→ What the task asks: All records are to be reproduced verbatim, with images omitted.

Collection entries
________

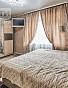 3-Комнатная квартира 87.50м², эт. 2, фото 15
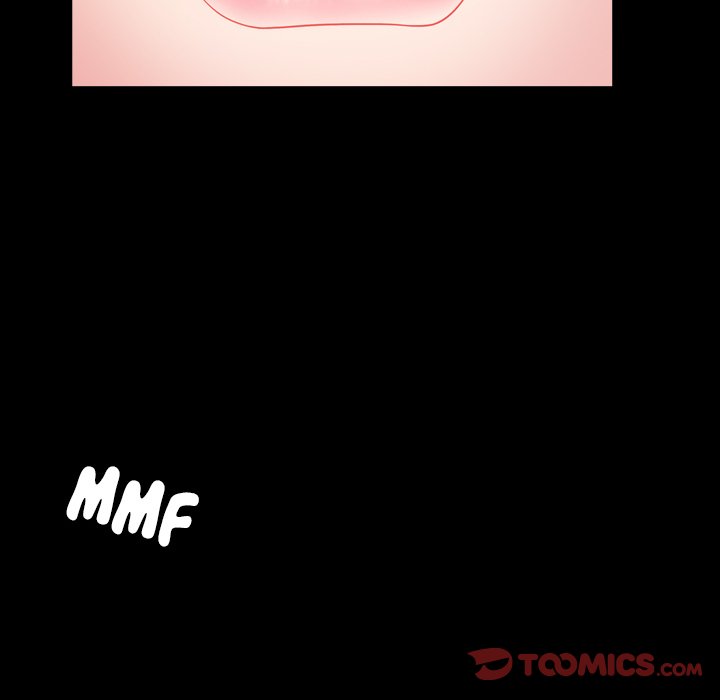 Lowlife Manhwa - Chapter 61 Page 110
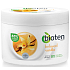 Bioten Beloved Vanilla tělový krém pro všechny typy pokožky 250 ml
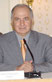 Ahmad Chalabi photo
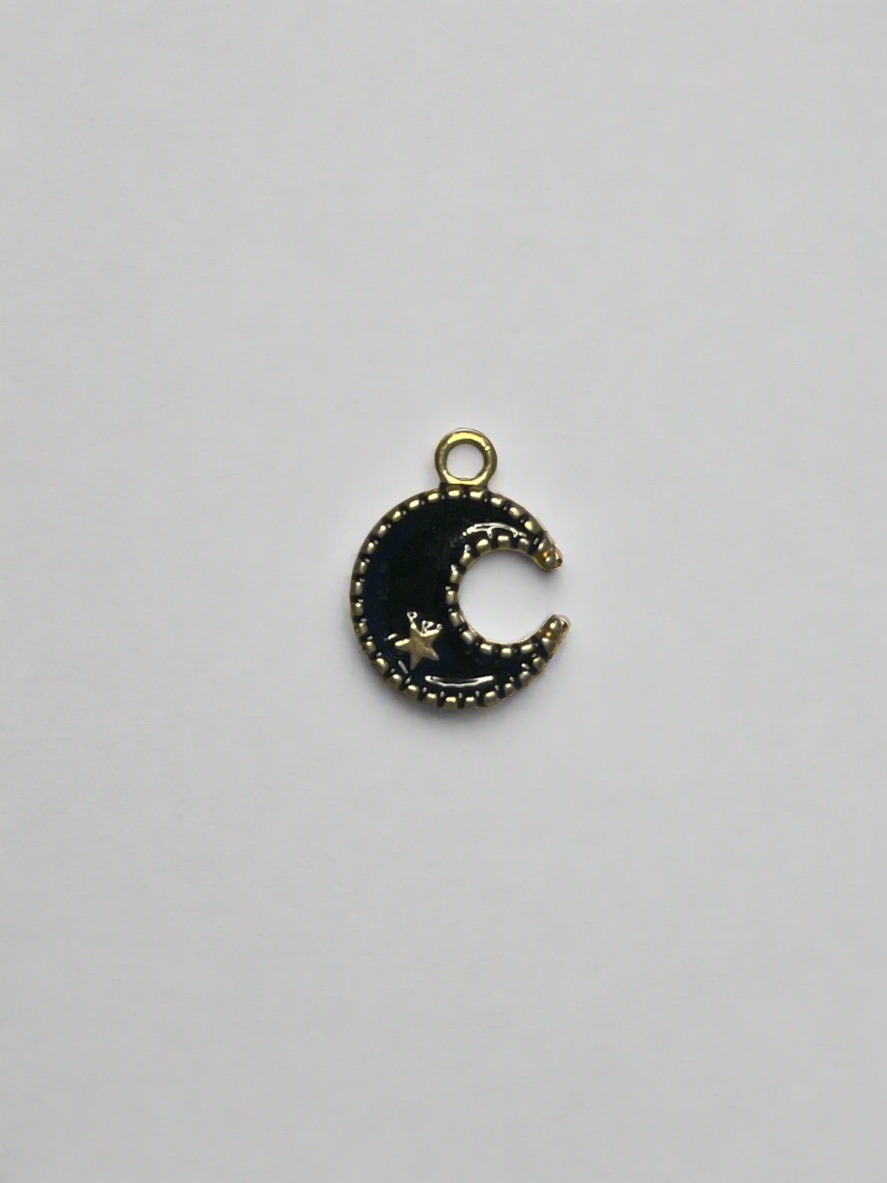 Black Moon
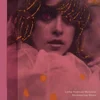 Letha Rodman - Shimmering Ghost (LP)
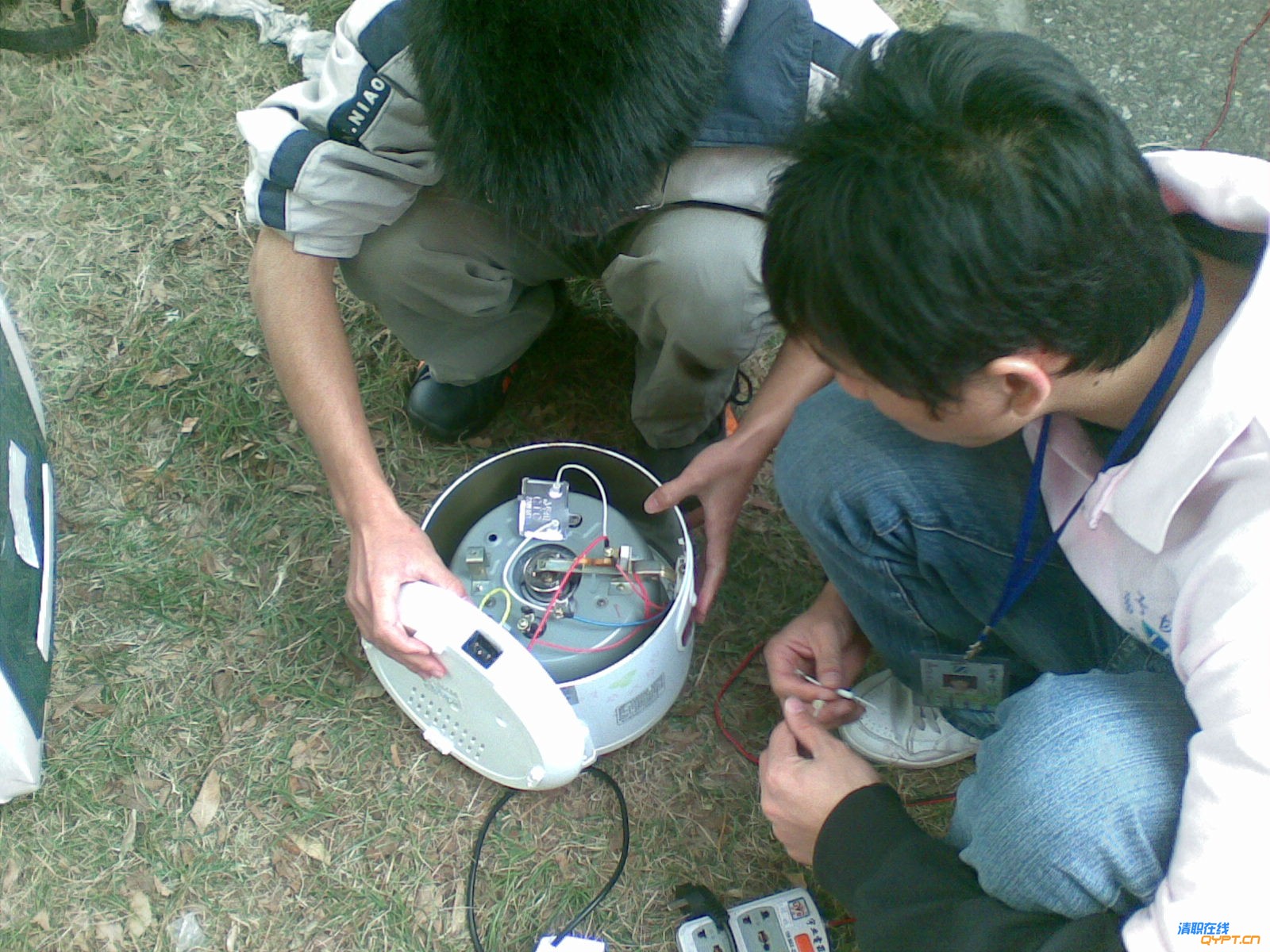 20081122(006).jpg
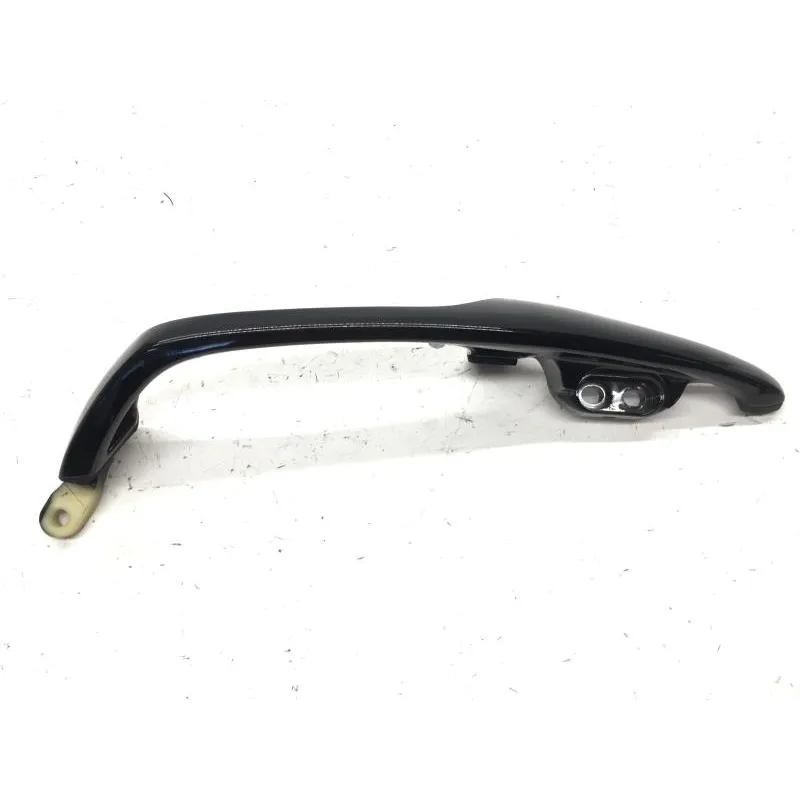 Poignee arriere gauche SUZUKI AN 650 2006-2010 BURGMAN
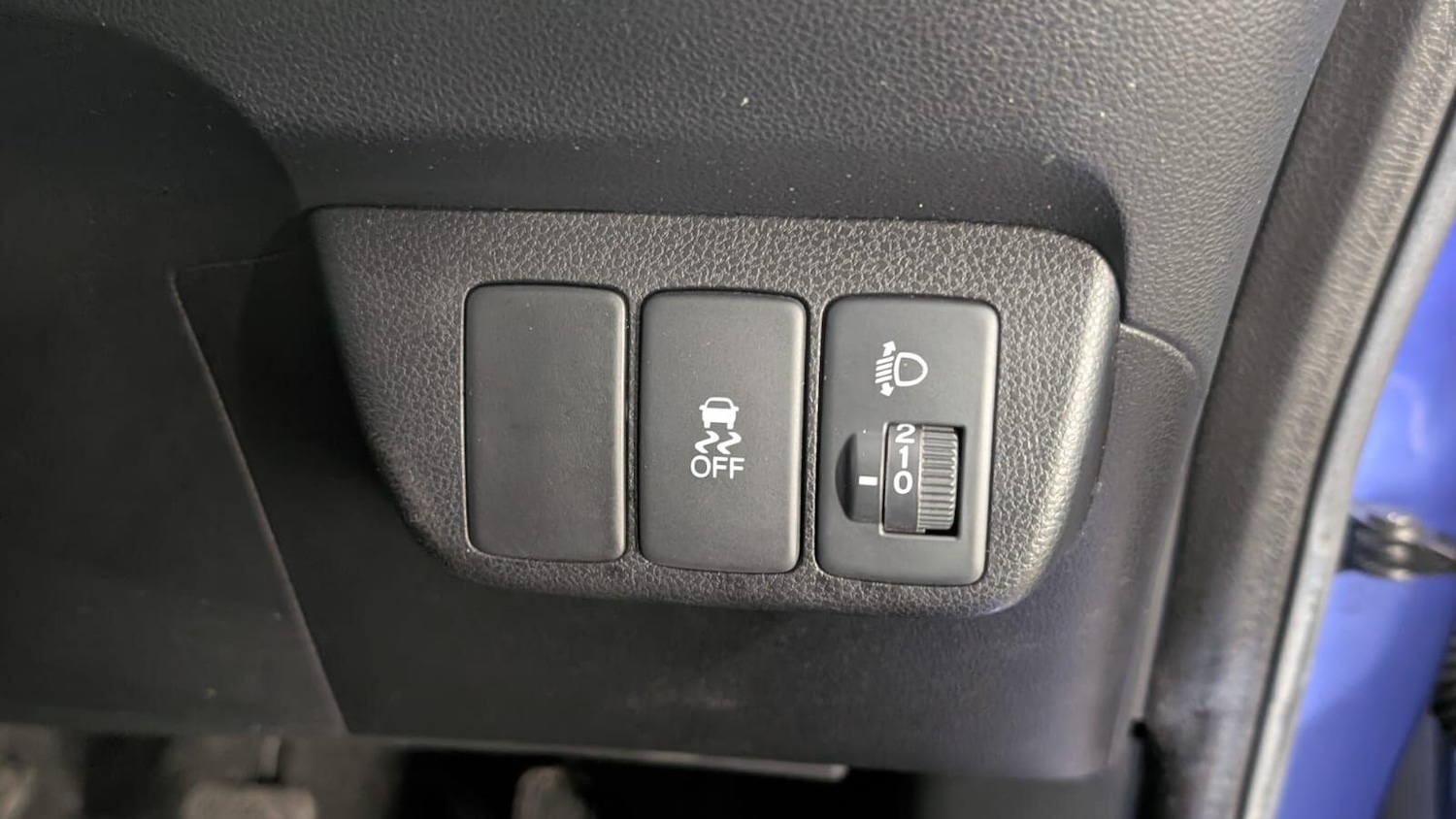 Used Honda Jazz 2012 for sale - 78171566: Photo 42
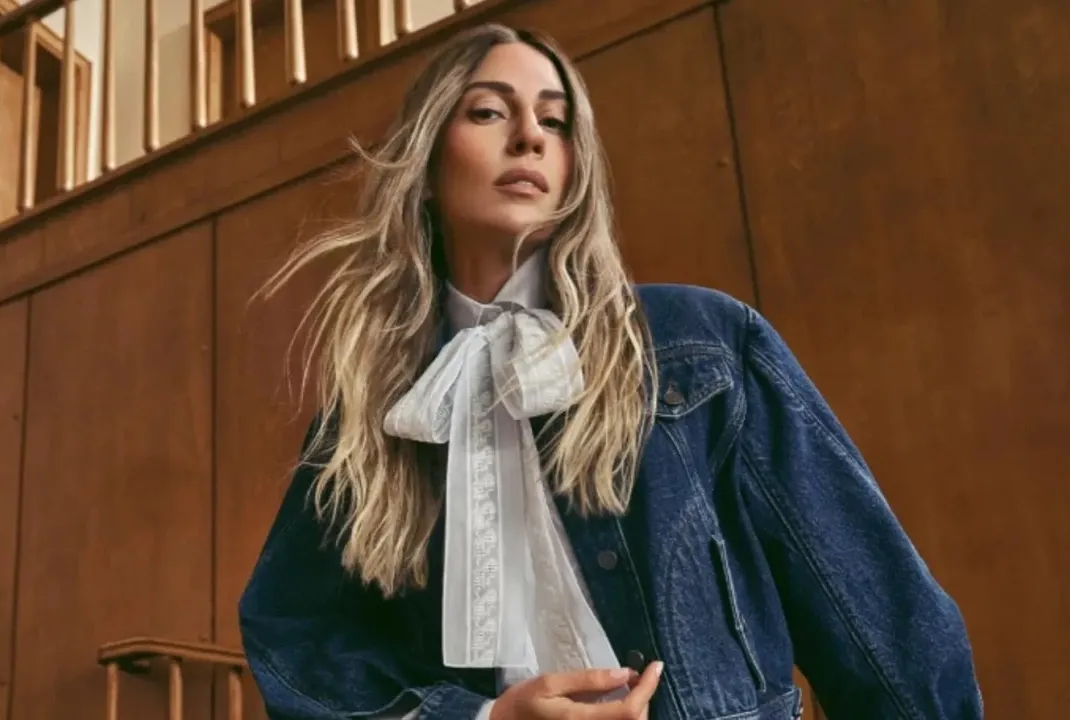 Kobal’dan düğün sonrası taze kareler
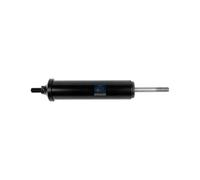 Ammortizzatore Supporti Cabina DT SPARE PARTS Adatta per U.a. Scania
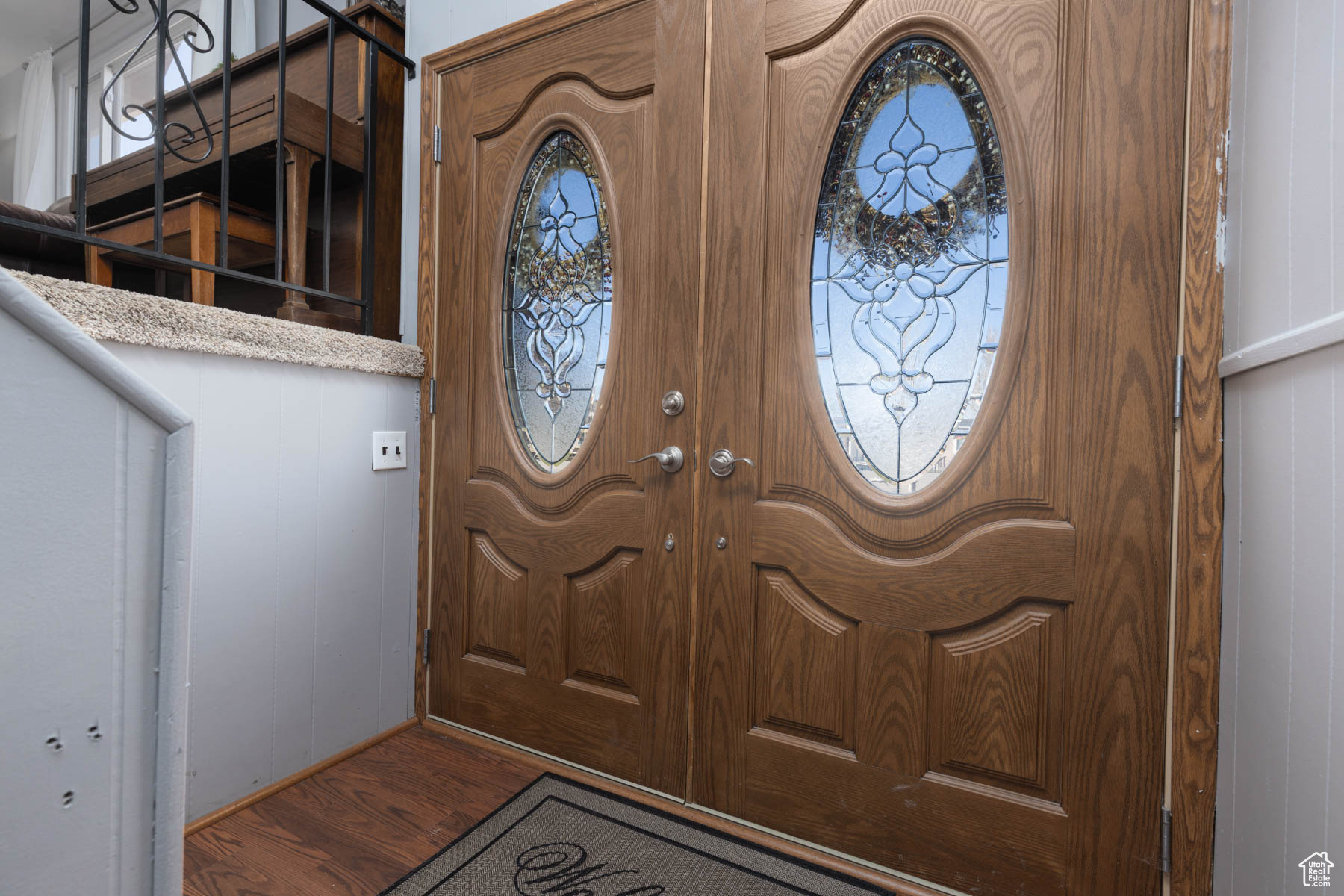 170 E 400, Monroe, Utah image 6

________

→ Solution to this task:
 3-Комнатная квартира 87.50м², эт. 2, фото 15
 Lowlife Manhwa - Chapter 61 Page 110
 Bioten Beloved Vanilla tělový krém pro všechny typy pokožky 250 ml
 Ahmad Chalabi photo
 Black Moon
 Letha Rodman - Shimmering Ghost (LP)
 20081122(006).jpg
 Poignee arriere gauche SUZUKI AN 650 2006-2010 BURGMAN
 Used Honda Jazz 2012 for sale - 78171566: Photo 42
 Kobal’dan düğün sonrası taze kareler
 Ammortizzatore Supporti Cabina DT SPARE PARTS Adatta per U.a. Scania
 170 E 400, Monroe, Utah image 6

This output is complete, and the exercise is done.